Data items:
──────────────────────────────

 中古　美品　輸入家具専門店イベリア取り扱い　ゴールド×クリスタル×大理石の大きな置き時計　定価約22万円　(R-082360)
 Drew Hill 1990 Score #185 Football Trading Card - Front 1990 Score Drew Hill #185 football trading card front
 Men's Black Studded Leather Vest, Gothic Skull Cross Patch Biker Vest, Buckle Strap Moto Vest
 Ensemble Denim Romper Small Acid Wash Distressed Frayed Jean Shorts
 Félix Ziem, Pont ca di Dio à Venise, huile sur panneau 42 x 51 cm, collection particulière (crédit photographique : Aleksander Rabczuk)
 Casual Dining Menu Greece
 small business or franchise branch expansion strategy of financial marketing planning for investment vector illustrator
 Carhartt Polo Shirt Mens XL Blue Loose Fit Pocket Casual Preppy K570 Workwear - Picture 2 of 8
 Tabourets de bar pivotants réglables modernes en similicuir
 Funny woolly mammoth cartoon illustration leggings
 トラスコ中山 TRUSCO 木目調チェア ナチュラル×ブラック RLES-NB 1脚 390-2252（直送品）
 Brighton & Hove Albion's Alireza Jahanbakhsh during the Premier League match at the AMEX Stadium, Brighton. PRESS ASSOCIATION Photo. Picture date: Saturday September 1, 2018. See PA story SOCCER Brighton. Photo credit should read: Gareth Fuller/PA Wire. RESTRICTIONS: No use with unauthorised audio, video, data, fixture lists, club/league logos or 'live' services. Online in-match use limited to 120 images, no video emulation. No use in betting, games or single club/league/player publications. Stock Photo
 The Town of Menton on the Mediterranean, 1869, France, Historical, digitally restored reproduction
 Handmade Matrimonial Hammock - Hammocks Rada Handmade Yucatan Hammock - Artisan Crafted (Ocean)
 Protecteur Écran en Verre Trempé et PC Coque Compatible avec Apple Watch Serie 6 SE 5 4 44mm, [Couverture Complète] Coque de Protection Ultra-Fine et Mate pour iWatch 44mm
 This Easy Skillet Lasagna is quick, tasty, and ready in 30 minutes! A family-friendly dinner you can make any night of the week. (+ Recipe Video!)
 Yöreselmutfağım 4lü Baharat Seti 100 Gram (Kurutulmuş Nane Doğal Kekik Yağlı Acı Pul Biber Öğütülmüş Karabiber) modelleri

──────────────────────────────

Aim of the task → Return every line from the one holding "The Town of" through the end of the data, exactly as it appears, with both ends kept and nothing else.

Solved exercise →
 The Town of Menton on the Mediterranean, 1869, France, Historical, digitally restored reproduction
 Handmade Matrimonial Hammock - Hammocks Rada Handmade Yucatan Hammock - Artisan Crafted (Ocean)
 Protecteur Écran en Verre Trempé et PC Coque Compatible avec Apple Watch Serie 6 SE 5 4 44mm, [Couverture Complète] Coque de Protection Ultra-Fine et Mate pour iWatch 44mm
 This Easy Skillet Lasagna is quick, tasty, and ready in 30 minutes! A family-friendly dinner you can make any night of the week. (+ Recipe Video!)
 Yöreselmutfağım 4lü Baharat Seti 100 Gram (Kurutulmuş Nane Doğal Kekik Yağlı Acı Pul Biber Öğütülmüş Karabiber) modelleri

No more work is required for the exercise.